Na ponad 85 tys. więźniów przebywających dziś za kratami ponad 4,5 tys. odsiaduje wyroki za przestępstwa seksualne. Najwięcej (blisko 2 tys.) za gwałt; ponad tysiąc osób za seksualne wykorzystanie małoletniego, z czego blisko 150 to pedofile. Każdego roku policja prowadzi ok. 2 tys. spraw o seksualne wykorzystanie małoletnich i liczba ta rośnie (w 2011 r. było ich 1848). Ministerstwo Sprawiedliwości chce lepiej pilnować skazanych z zaburzeniami preferencji seksualnych, gdy już odsiedzą karę. Projekt w tej sprawie jest już gotowy i trafił do Rządowego Centrum Legislacji.
Najpierw badania
Zanim ostatecznie opuszczą więzienie, będą skrupulatnie badani. Na pół roku przed wyjściem na wolność przebadają ich dwa niezależne od siebie zespoły lekarzy (w tym biegłych). Jeśli rokowania będą złe, pozostaną na leczeniu w zakładzie zamkniętym. Dobra prognoza pozwoli skierować ich do leczenia ambulatoryjnego i objąć elektroniczną kontrolą miejsca pobytu. Takie pilnowanie może potrwać nawet pięć lat (ale nie dłużej).

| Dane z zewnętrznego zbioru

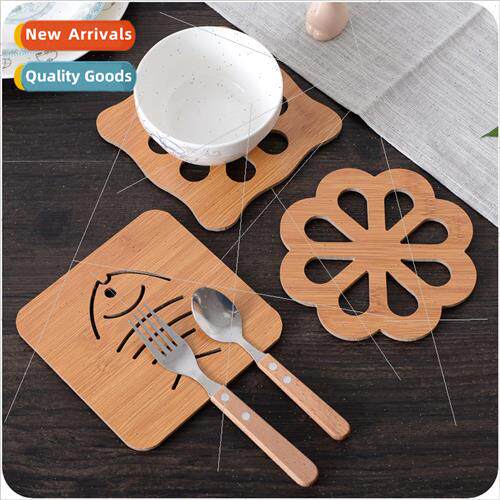 Cute cartoon wooden heat  mat household high temperature tab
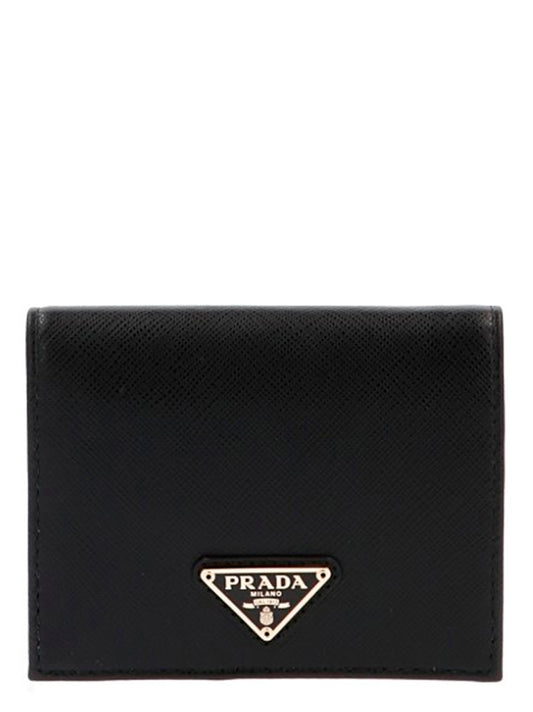 Logo leather wallet Wallets, card holders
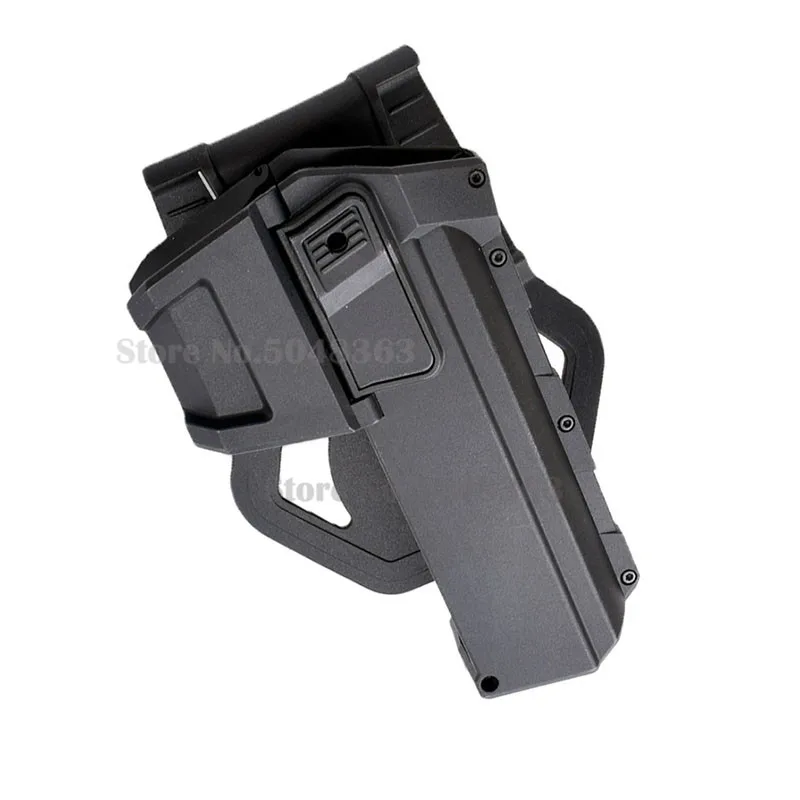Tactical Movable Gun Holsters Glock Series Right Hand Pistol Holster For for Glock 17 18 19 34 with Flashligh Laser Mounted
Tactical Movable Gun Holsters Glock Series Right Hand Pistol Holster For for Glock 17 18 19 34 with Flashligh Laser Mounted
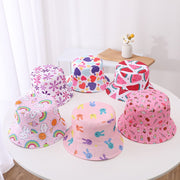Double-Sided Sun Hat for Kids - Colorful Designs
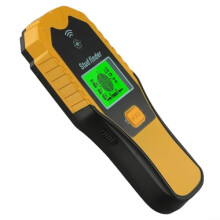 MultiFunction Stud Finder Wall Scanner with Deep Accurate Sensing for Metal and Wood Detection, Yellow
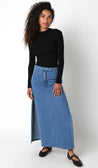 Fay Denim Midi Skirt | Collective Request 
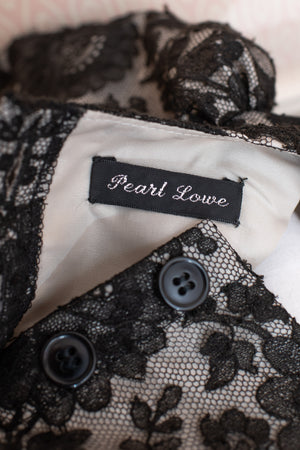 Black Lace Childs Dress
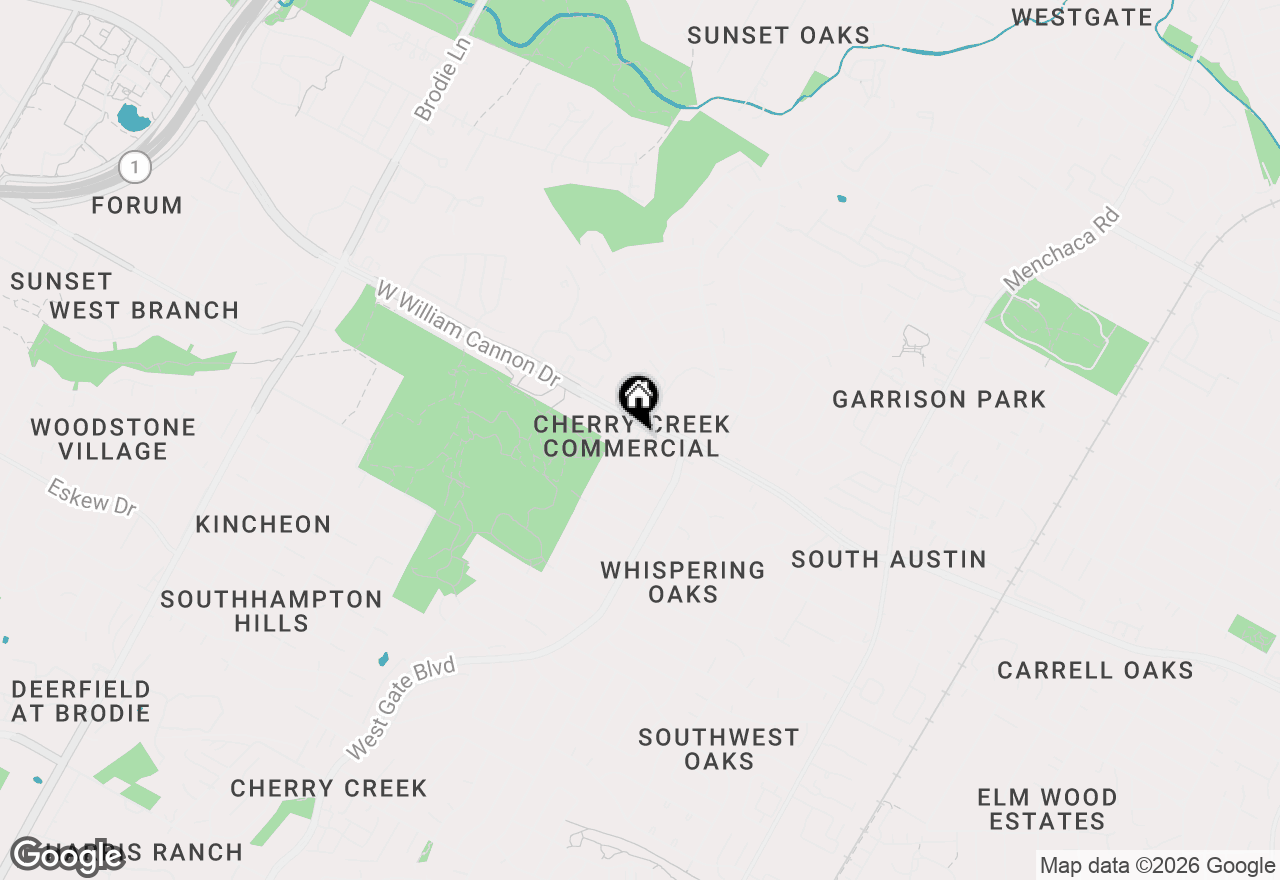 Map of 2809 W William Cannon Dr #B106, Austin, TX 78745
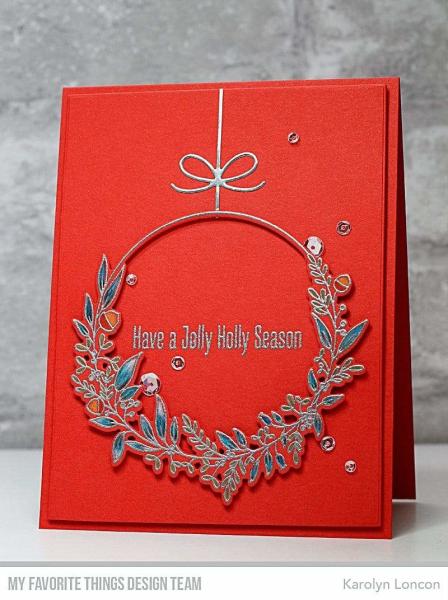 My Favorite Things Die-namics "Winter Wreath" | Stanzschablone | Stanze | Craft Die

288 mln zł w ciągu dziesięciu lat ma kosztować opieka nad skazanymi z zaburzeniami seksualnymi
– To nic innego jak wykorzystanie systemu dozoru elektronicznego (SDE) do kontroli zachowania takich skazanych – wyjaśnia „Rz" gen. Paweł Nasiłowski, pełnomocnik MS ds. wdrożenia SDE. W ciągu ponad trzech lat system obsłużył blisko 16 tys. skazanych (zamiast w więzieniu odbywali oni kary w areszcie domowym). Jak zadziała system przy pilnowaniu miejsca pobytu?

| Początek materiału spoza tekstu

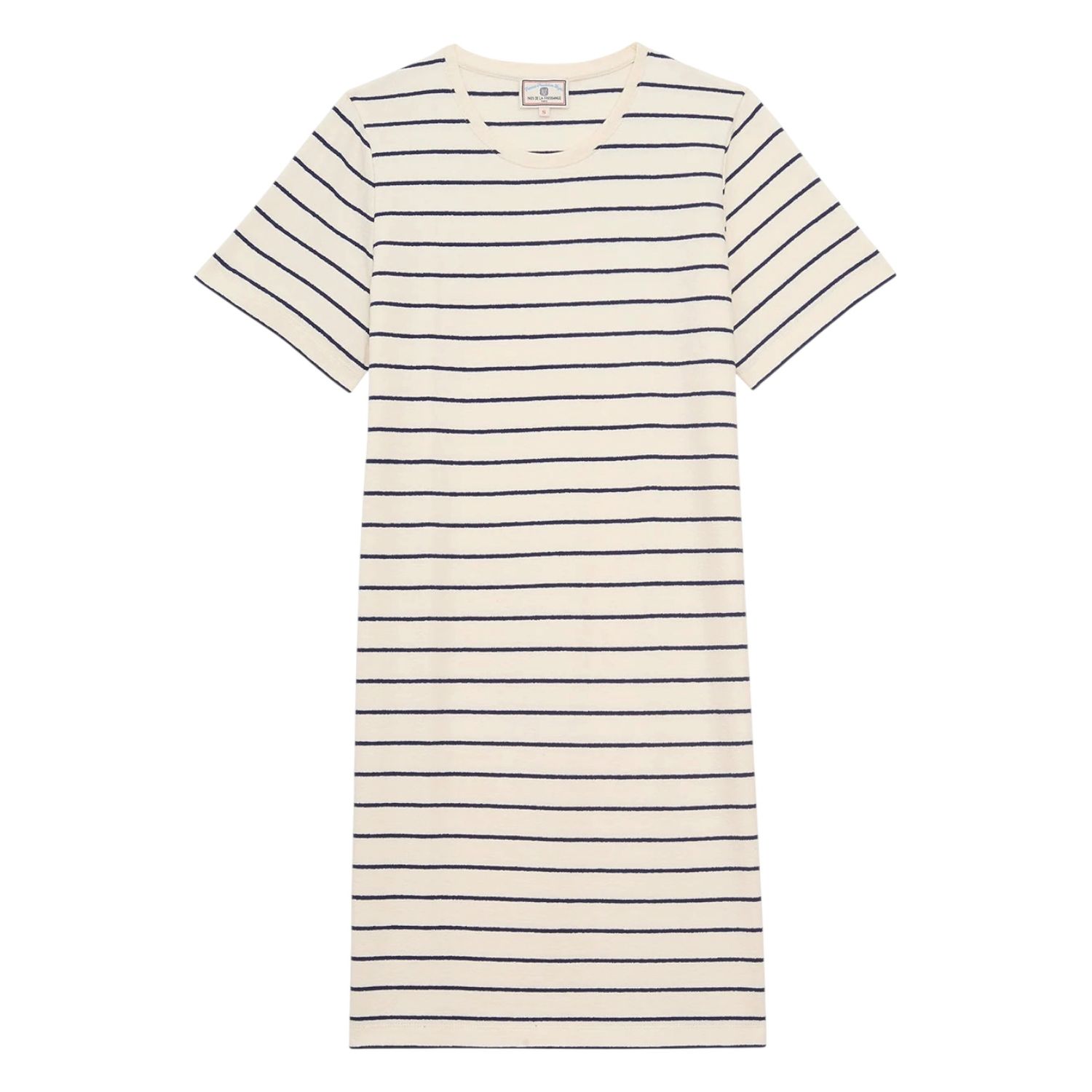 Axelle Tee Shirt Dress - Navy Ecru
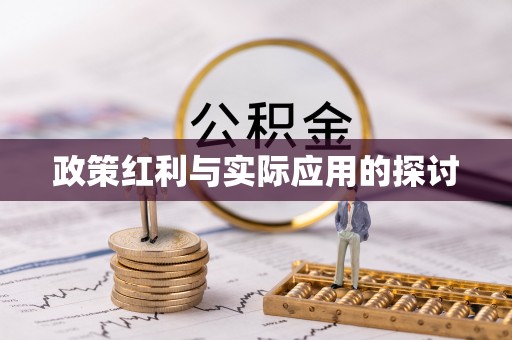 金水政策红利与实际应用的探讨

– Skazany dostanie bransoletę, a w niej nadajnik GPS. Umożliwi on pozycjonowanie miejsca jego pobytu i ewentualne ustalenie, gdzie w danej chwili przebywał – tłumaczy Nasiłowski. – Jeśli skazany złamie zasady systemu, np. będzie próbował uwolnić się z bransolety, centrum natychmiast zostanie o tym poinformowane, a sam kontrolowany będzie poszukiwany.